John Auerbach, who leads the nonpartisan organization Trust for America’s Health, said the public health officials generally were clear about what they knew and what they didn’t. But that wasn’t always the case with elected officials who “sometimes made definitive statements that turn out to not be the case.”

The CDC’s own missteps on testing hurt its standing within President Donald Trump’s circle. And the testing delays also hampered the public health response, as the experts did not have a handle on how far or how fast the virus was spreading.

The CDC also was not always on message.

For instance when the White House two weeks ago announced its social distancing campaign and urged people not to gather in groups greater than 10, the CDC still had on its website the prior day's recommendation to avoid groups under 50.

Just this week, CDC Director Robert Redfield granted a rare local radio interview stressing how people with no symptoms could still infect someone else. Earlier in the epidemic, scientists didn’t have conclusive evidence of asymptomatic transmission and they didn’t stress it as a risk.

That lack of visibility — the public's inability to hear directly from the agency about what it's learning — undermines the trust that's essential in a crisis, said former CDC acting Director Richard Besser, who now runs the Robert Wood Johnson Foundation.

“Trust is the critical factor,” Besser said. “You develop trust by being transparent, by explaining on a daily basis what you do know, don’t know and what you are doing to get more information.”

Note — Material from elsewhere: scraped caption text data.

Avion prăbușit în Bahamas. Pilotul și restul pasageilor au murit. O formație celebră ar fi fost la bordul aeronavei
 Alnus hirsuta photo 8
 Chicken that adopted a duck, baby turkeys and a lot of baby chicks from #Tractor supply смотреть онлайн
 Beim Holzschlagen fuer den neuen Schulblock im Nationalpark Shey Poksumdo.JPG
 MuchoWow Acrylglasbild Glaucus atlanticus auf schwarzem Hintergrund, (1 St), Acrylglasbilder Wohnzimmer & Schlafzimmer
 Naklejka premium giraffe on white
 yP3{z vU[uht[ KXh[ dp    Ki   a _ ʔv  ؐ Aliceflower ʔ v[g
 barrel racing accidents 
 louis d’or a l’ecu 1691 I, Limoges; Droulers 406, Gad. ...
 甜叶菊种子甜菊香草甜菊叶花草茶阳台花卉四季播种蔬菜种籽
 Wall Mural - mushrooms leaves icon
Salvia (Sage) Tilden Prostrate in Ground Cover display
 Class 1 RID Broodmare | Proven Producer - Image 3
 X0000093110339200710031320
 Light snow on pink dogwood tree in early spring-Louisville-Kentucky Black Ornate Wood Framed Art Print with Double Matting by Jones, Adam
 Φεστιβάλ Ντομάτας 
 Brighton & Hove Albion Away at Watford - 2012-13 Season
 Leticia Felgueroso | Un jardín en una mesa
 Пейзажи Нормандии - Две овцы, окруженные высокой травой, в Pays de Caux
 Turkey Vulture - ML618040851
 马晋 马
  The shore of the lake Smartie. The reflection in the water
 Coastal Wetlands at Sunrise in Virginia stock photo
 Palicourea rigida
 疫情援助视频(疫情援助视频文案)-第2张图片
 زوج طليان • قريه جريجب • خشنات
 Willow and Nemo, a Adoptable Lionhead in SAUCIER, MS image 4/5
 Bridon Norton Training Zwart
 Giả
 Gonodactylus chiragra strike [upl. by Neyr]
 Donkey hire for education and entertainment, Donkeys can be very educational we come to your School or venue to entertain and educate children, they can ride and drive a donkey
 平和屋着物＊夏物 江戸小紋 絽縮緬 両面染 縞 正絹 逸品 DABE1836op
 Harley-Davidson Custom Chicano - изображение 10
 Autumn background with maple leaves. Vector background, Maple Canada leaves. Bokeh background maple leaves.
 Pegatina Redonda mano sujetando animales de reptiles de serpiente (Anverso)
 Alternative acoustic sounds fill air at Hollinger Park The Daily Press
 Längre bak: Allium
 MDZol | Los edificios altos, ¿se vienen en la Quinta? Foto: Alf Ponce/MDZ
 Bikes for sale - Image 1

Officials are still all over the place on whether the public should wear masks. And if they do change the recommendations and urge people to wear them, they’ll have to first, explain to the public that it’s more about preventing people from spreading the virus than catching it; second, that it doesn’t replace social distancing; and third — contrary to what’s appearing on social media — the earlier advice was based on the best science available then, not because the masks were in short supply.

Redfield in the radio interview said the recommendations are being reassessed, now that there’s more conclusive evidence about asymptomatic spread.

“We’re always critically looking at the new data,” Redfield said. “Is the mask something that protects me? ... Or if I wear a mask, is it something that protects others from me?”

But U.S. Surgeon General Jerome Adams said Tuesday on "Fox & Friends" that masks may do more harm than good. In addition, it might create a “false sense of security" that makes people ignore the advice about staying at least 6 feet away from others, he said.

The message about young people not being vulnerable to serious disease also backfired, as the spring break and Mardi Gras revelers showed. Some of them got infected and brought the virus back home with them.

There are two bright spots as scientists learn more. The mortality rate is probably going to be lower than initially estimated — although the death toll may be high because so many people are infected. And so far, it hasn’t mutated in a way that makes it more dangerous — or harder to attack with a vaccine.

“Everyone has a hunger for what’s going on,“ said former Harvard Medical School Dean Jeffrey Flier. “If you aren’t going to trust the CDC, FDA or the president — and in many cases you shouldn’t — you are kind of in a bind.”